RNA Recommendations

Duplication Variant


Definitions

Duplication
a sequence change where, compared to a reference sequence, a copy of one or more nucleotides are inserted directly 3' of the original copy of that sequence.

Description

Format: “prefix”“position(s)_duplicated”“dup”, e.g. r.123_345dup

“prefix” = reference sequence used = r.
“position(s)_duplicated” = position nucleotide or range of nucleotides duplicated = 123_345
“dup” = type of change is a duplication = dup


Note

  • prefix reference sequences accepted are r. (coding and non-coding RNA).
  • by definition, duplication may only be used when the additional copy is directly 3’-flanking of the original copy (a “tandem duplication”).
  • when there is no evidence that the extra copy of a sequence detected is in tandem (directly 3’-flanking) the original copy, the change can not be described as a duplication, it should be described as an insertion (see Insertion).
  • for all descriptions the most 3’ position possible of the reference sequence is arbitrarily assigned to have been changed (3’rule)
    • the 3’rule also applies for changes in single residue stretches and tandem repeats (nucleotide or amino acid)
    • the 3’rule applies to ALL descriptions (genome, gene, transcript and protein) of a given variant
  • under discussion, see Proposal for complex variants
    { } (curly braces) can be used to list any change in the duplicated sequence (“positions_duplicated”) which is different when compared to the source, e.g. r.123_345dup{234a>g}

Examples

  • r.7dup (one nucleotide)
    the duplication of a “u” at position r.7 in the sequence ..acuuacugcc.. to ..acuuacuugcc..
    NOTE: it is allowed to describe the variant as r.7dupu
    NOTE: it is not allowed to describe the variant as r.6_7insu (see prioritisation)
  • r.6_8dup (several nucleotides)
    a duplication from position r.6 to r.8 in the sequence ..acaauugcc.. to ..acaauugcugcc..
    NOTE: it is allowed to describe the variant as g.6_8dupugc

Q&A

Why do we not describe a duplication as an insertion?

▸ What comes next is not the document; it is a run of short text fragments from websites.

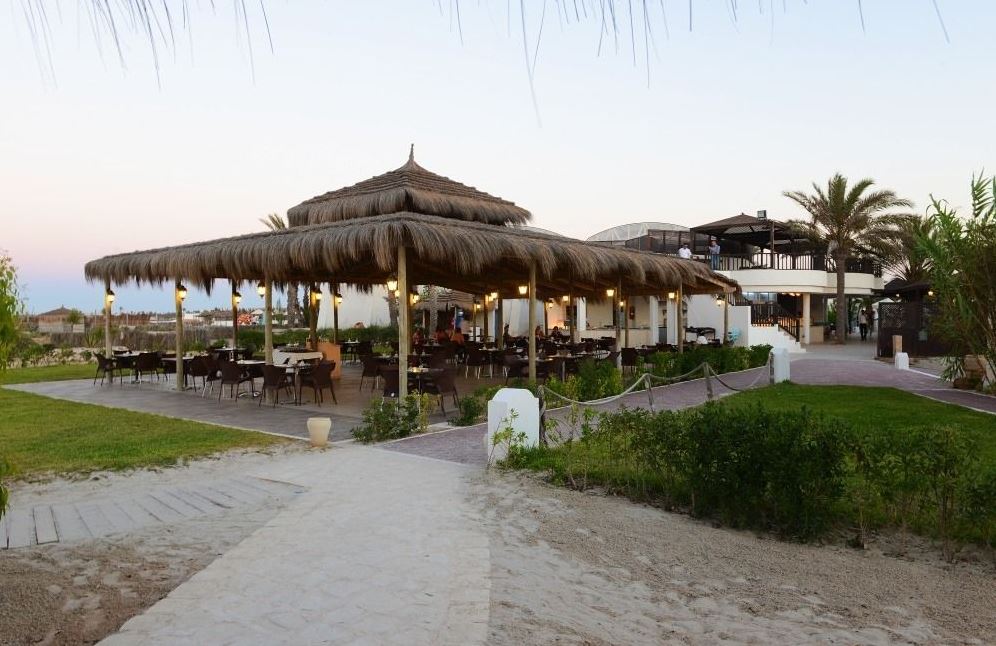Hotel Meninx Djerba foto 9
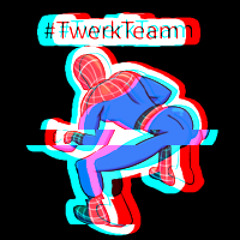 BRK WHILE U TWRK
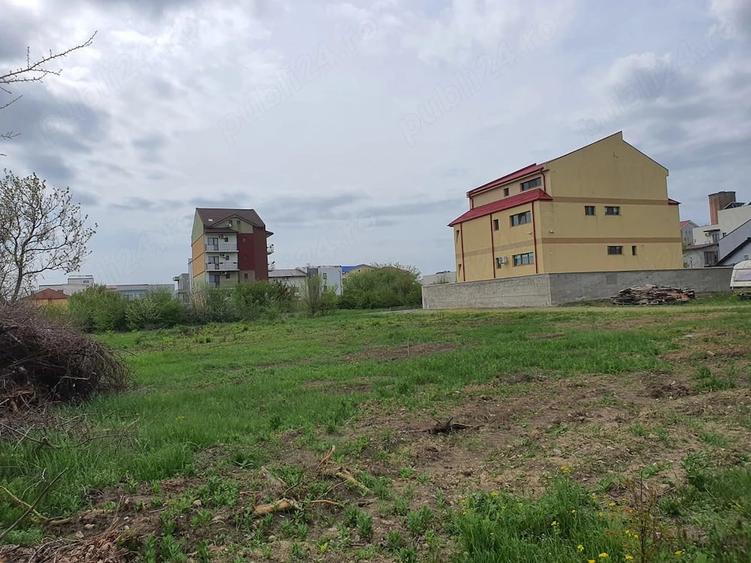 Teren de 525 mp, în Nord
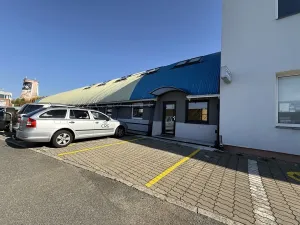 Pronájem kanceláře, Brno, Cimburkova, 182 m2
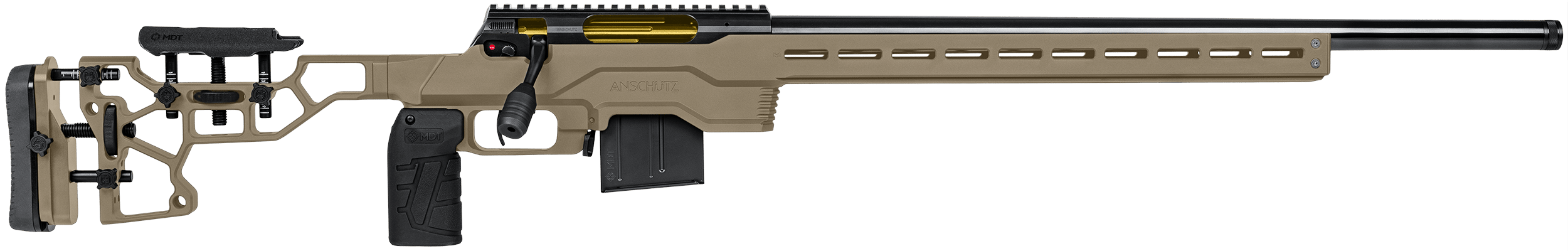 Karabin ANSCHUTZ 1782 APR FDE | 6,5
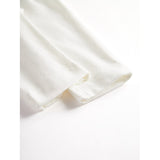 MarMar Modal New Born Gentle White Piva Pants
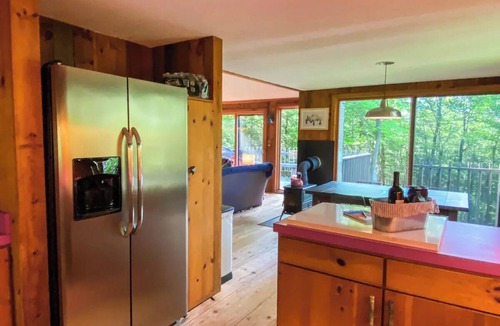 Jackson Cabin | Secluded Jackson Family Escape w/Views & Deck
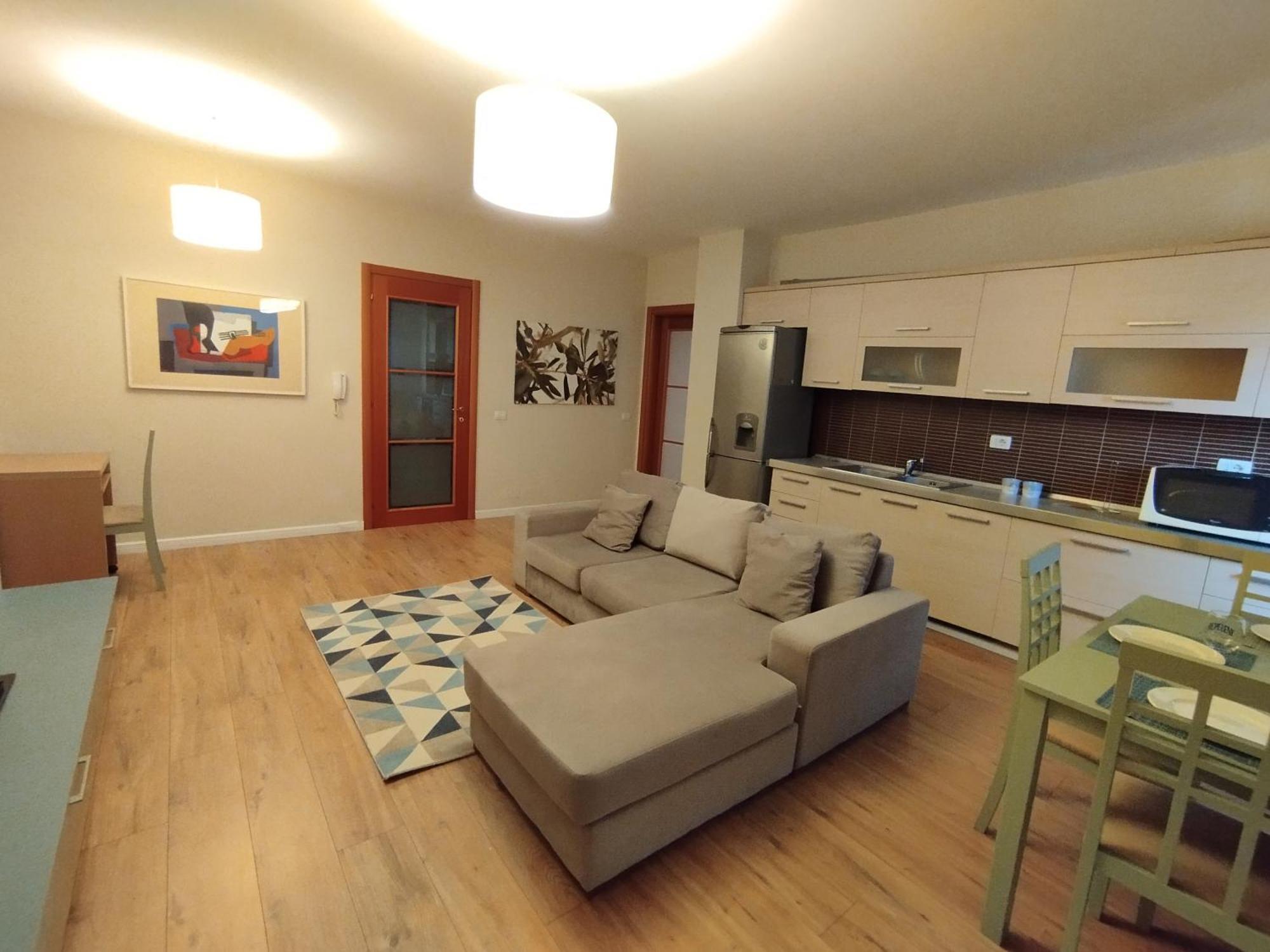 Kora Apartaments - Relaxing Escape Τίρανα Εξωτερικό φωτογραφία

Although duplications are basically a special type of insertion, there are several reasons why the recommendation is to describe duplications separately;
  • the description is simple and shorter,
  • it is clear and prevents confusion regarding the position when an insertion is incorrectly reported like "22insg".

How should I describe the change "aucgaucgaucgaucaggguccc" to "aucgaucgaucgaucaaucgaucgaucggguccc"? The fact that the inserted sequence (aucgaucgauc) is present in the original sequence suggests it derives from a duplicative event.

The variant should be described as an insertion; r.17_18ins5_16. A description using "dup" is not correct since, by definition, a duplication should be directly 3'-flanking of the original copy (in tandem). Note that the description given still makes it clear that the sequence inserted between r.17 and r.18 is probably derived from nearby, i.e. position r.5 to r.16, and thus likely derived from a duplicative event.